• [Exercise brief]: A verbatim copy of the data is wanted, minus any picture in it.

• [Available data]:
BEGIN
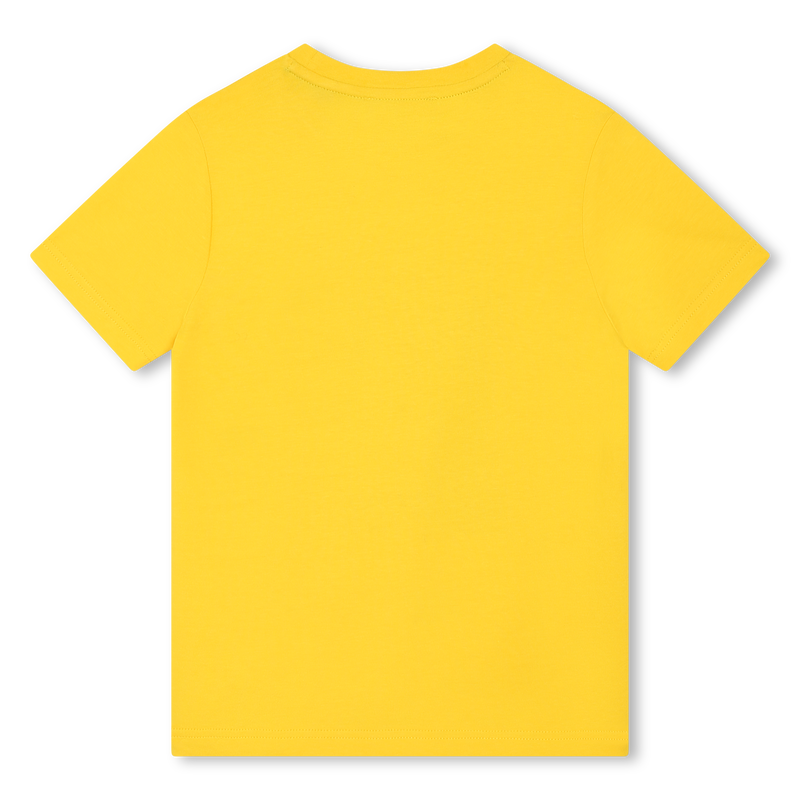 Printed cotton T-shirt DKNY 
                    BOY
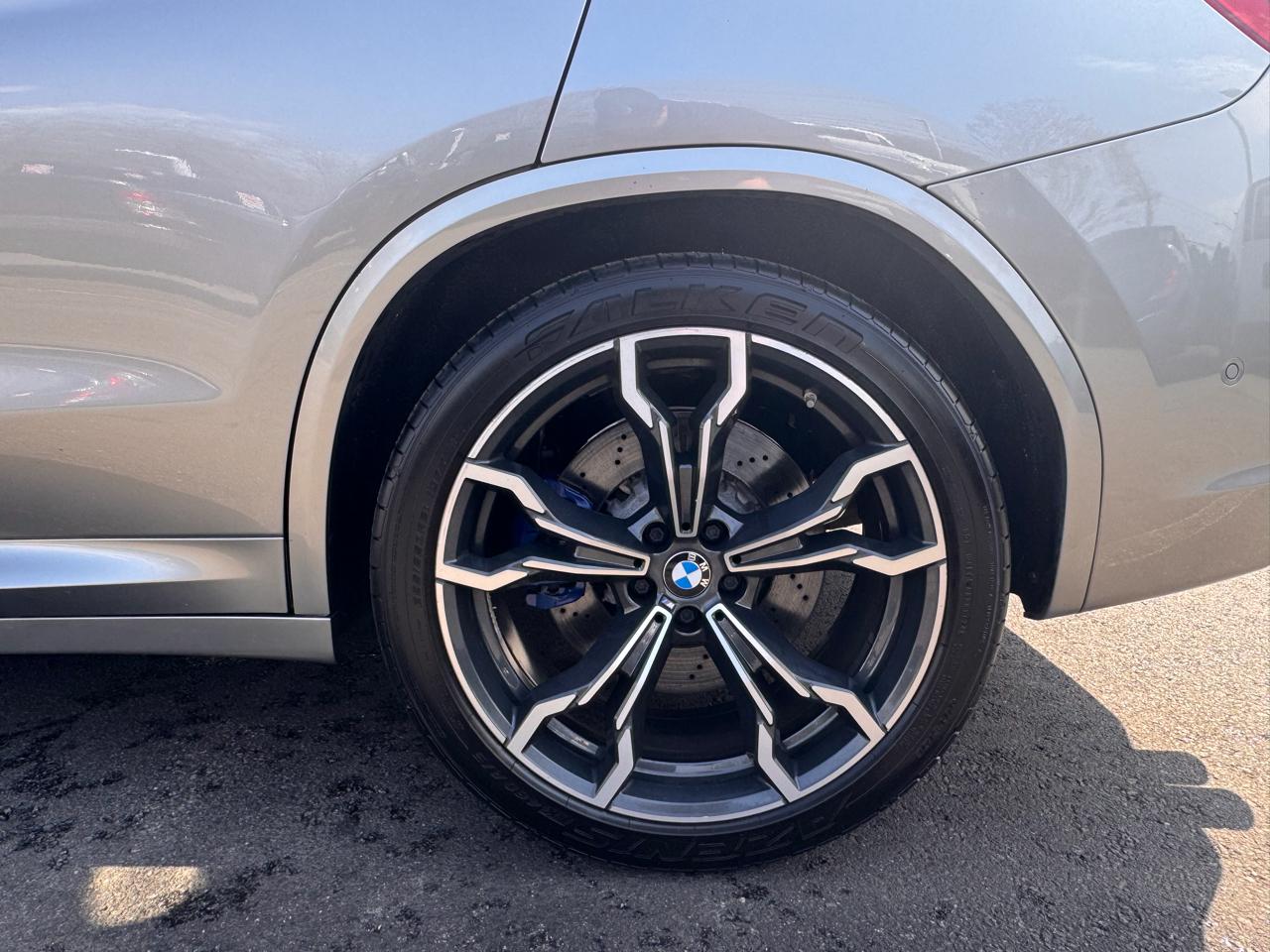BMW X3 M  2020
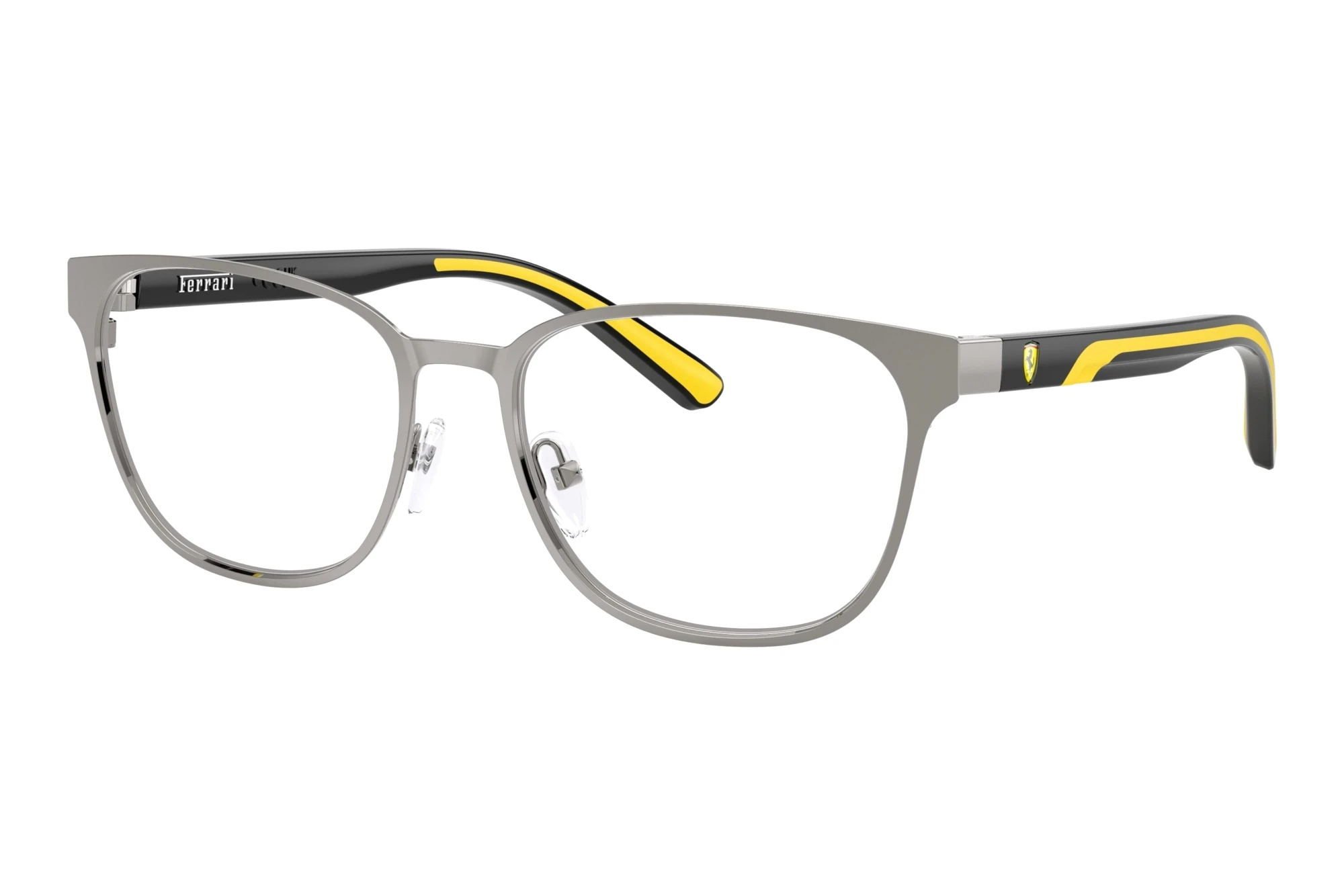 Ferrari Scuderia FZ7016 104 Shiny Gunmetal Ferrari Scuderia FZ7016 104 Shiny Gunmetal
END
• [Output of the exercise]:
 Printed cotton T-shirt DKNY 
                    BOY
BMW X3 M  2020
 Ferrari Scuderia FZ7016 104 Shiny Gunmetal Ferrari Scuderia FZ7016 104 Shiny Gunmetal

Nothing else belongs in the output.